Los acuerdos comerciales son casi tan antiguos como el comercio mismo. La historia de esos convenios ha tenido, en la mayoría de los casos, una dimensión de seguridad. El debate entre mercantilistas (que sostienen que el comercio debe fortalecer al Estado) y liberales (que enfatizan el rol del libre comercio como instrumento de paz) es esclarecedor al respecto. Pero lo es más el hecho de que Estados Unidos destaque explícitamente la dimensión de seguridad del comercio y que sustente la legislación correspondiente en consideraciones de interés nacional vinculadas a ese ámbito. En épocas de “globalización” ello no ocurre con muchos países en desarrollo y, en tiempos de TLC, tampoco sucede en el Perú.

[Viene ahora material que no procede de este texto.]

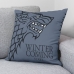 Funda de cojín Game of Thrones Stark A Multicolor 45 x 45 cm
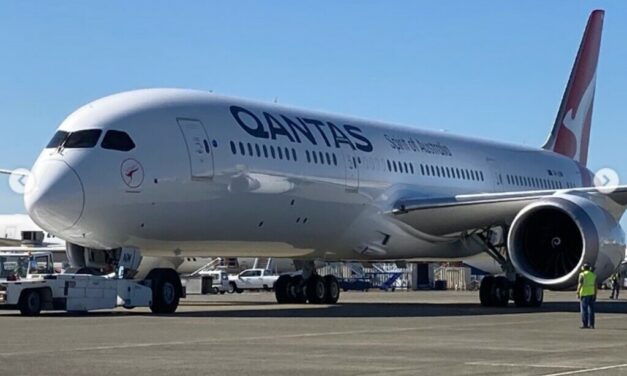 Fuel hits Qantas bottom line; invests in customer services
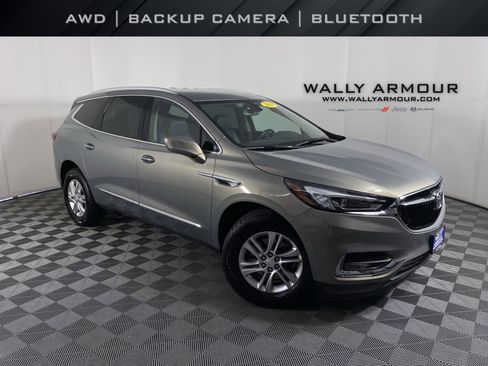 Used 2019 Buick Enclave Essence AWD/4WD image 1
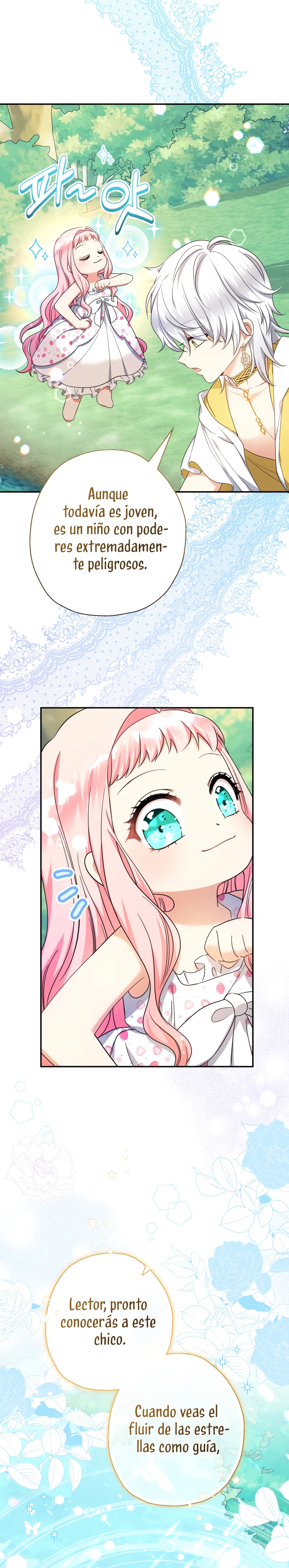 Soy una bebé con dinero en una novela de fantasía romántica Capítulo 49 - Page 14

En efecto, Estados Unidos desagrega la dimensión de seguridad del comercio en tres estamentos: la Estrategia de Seguridad Nacional de setiembre del 2002, la Ley de Preferencias Comerciales (PL 107 de agosto de ese mismo año) y una compleja legislación sectorial promulgada a propósito de los trágicos acontecimientos del 11 de setiembre del 2001. Los dos primeros estamentos configuran un marco que promueve el crecimiento económico global y regional a través del incremento de los flujos comerciales y de los acuerdos que lo estimulen. El último, más concentrado en la seguridad norteamericana, establece una serie de requerimientos a las importaciones estadounidense y a la infraestructura comercial que las sostienen. Éste constituye, en los hechos, nuevas barreras comerciales. Los negociadores peruanos, aunque se hayan referido al caso, no parecen haber hecho su tarea al respecto.

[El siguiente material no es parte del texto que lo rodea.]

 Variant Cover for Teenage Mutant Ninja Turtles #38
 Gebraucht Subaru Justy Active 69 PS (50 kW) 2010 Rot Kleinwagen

Para quienes crean que la negociación de un acuerdo de libre comercio es sólo asunto que compete a técnicos basta hacer referencia al capítulo sexto de la Estrategia de Seguridad norteamericana. Las autoridades del Departamento de Defensa (aunque el documento se origina en la Casas Blanca) sostienen que una de las formas de satisfacer el interés nacional estadounidense en la materia es la promoción del crecimiento global empleando, entre otros instrumentos, acuerdos de libre comercio. A mayor abundamiento, los congresistas que aprobaron la Trade Preference Act, que sustenta Ley de Preferencias Andinas, lo hicieron en el entendido de que la expansión comercial es vital para el crecimiento, la fuerza y el liderazgo norteamericanos y que, en ese marco, los acuerdos de libre comercio contribuyen a maximizar las oportunidades económicas de la superpotencia.

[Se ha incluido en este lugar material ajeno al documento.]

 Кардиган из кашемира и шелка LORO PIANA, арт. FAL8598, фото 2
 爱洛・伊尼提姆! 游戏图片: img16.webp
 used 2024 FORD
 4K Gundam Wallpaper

A mayor abundamiento, de acuerdo a esa ley que concierne al ATPA, la subregión andina, cuya inestabilidad se percibe como una amenaza para los Estados Unidos y el mundo, puede disminuir su alta vulnerabilidad a través del otorgamiento de esa facilidad cuya contrapartida de seguridad es el esfuerzo antinarcóticos. Hasta aquí el enfoque norteamericano contribuye al crecimiento de nuestra economía al tiempo que estimula la lucha contra una amenaza preexistente a los ataques terroristas del 11 de setiembre. Aunque de manera asimétrica, esa ley define un escenario de intereses complementarios con enfoques de apertura.
Pero luego de aquella fecha trágica, la dimensión de seguridad del comercio cobró para las autoridades norteamericanas una intenso carácter defensivo traducido en la promulgación de legislación comercial que complica el flujo de los intercambios y eleva los costos de transacción. Esa legislación establece unilateralmente requisitos de seguridad en los ámbitos del transporte, las fronteras y aduanas, la infraestructura portuaria, los containers y los productos (el caso del ley contra el bioterrorismo). Al hacerlo no sólo dificulta el acceso al mercado norteamericano sino que traslada parte del costo de la seguridad al exportador que debe adoptar medidas para adaptarse a la ley norteamericana. Aunque no disponemos de la estadística necesaria, se deduce que estas medidas elevan el costo de exportar en el origen, el tránsito y el destino del flujo comercial.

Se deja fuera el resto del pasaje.